New Delhi: Determined to increase its earnings, the Indian Railways is mulling implementing a “give it up” scheme asking passengers to sacrifice the subsidy on train tickets.
A senior Railway Ministry official aware of the development told IANS: “The railways has submitted a 100-day plan to the Prime Minister’s Office (PMO) to increase the earnings.”
The official said the Indian Railways recovers only 53 per cent of the cost of a ticket from a passenger, which puts additional pressure on the network in terms of earnings.
The remaining 47 per cent is given as subsidy to the passengers.
The official said the idea was to urge passengers to give up the subsidy on the train tickets — like people were given the option of renouncing the subsidy on liquified petroleum gas (LPG) cylinders.
The passengers will have the option of buying the train ticket with or without subsidy.
Those who give up subsidy will end up paying more for their journey.

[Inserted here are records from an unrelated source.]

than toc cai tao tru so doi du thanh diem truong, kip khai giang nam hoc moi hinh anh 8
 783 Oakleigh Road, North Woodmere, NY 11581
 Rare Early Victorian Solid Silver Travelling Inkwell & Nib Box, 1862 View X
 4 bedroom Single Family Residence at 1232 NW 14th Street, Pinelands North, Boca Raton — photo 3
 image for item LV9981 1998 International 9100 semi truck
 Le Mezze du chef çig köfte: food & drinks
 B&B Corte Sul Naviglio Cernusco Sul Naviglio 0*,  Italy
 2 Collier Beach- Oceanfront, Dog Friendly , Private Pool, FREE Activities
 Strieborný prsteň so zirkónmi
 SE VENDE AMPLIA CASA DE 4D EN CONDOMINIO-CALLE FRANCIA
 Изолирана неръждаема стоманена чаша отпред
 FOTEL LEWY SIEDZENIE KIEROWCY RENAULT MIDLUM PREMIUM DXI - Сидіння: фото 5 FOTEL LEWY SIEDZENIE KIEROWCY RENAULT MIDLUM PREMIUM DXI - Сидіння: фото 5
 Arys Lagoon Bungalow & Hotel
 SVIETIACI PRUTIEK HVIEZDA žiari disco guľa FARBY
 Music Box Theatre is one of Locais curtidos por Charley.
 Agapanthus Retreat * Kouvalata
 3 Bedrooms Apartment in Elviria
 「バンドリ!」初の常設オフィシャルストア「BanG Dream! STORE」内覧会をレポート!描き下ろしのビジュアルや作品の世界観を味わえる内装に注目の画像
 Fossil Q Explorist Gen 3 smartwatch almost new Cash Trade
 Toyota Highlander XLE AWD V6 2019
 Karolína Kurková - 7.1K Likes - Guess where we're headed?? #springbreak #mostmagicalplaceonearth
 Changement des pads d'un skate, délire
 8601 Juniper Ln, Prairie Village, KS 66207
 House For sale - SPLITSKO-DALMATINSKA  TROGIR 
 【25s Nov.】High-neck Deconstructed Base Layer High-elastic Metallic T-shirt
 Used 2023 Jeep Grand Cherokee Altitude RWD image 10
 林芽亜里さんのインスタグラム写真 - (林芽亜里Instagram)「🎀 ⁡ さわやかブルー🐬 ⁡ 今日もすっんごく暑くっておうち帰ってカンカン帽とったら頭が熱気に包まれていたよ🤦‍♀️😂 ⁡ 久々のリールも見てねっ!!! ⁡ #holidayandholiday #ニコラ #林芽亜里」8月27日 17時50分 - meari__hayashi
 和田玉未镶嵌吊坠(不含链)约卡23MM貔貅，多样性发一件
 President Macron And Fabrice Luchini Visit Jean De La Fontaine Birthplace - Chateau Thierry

According to the official, the Centre for Railway Information Systems (CRIS) will make the required changes in the Indian Railway Catering and Tourism Corp website to offer the option of purchasing the ticket with or without subsidy.
According to the source, the railways earns about Rs 50,000 crore by selling tickets.
“We have put a target of earning about Rs 56,000 in 2019-20, and through the ‘give it up’ scheme this can be achieved,” he said.
The railways will advertise aggressively on different media platforms asking people to forego their subsidies on train tickets.
The official said that former Railway Minister Suresh Prabhu had explored the idea but dropped it due to opposition from several quarters.
The official said that as the proposal prepared by the Railway Board was with the PMO, it will be converted into reality by the end of August this year.
Prime Minister Narendra Modi, after coming to power in 2014, urged people to sacrifice their subsidy on LPG cylinders.
Following his appeal, over 1.25 crore people responded positively. The Railways now wants to copy the success story.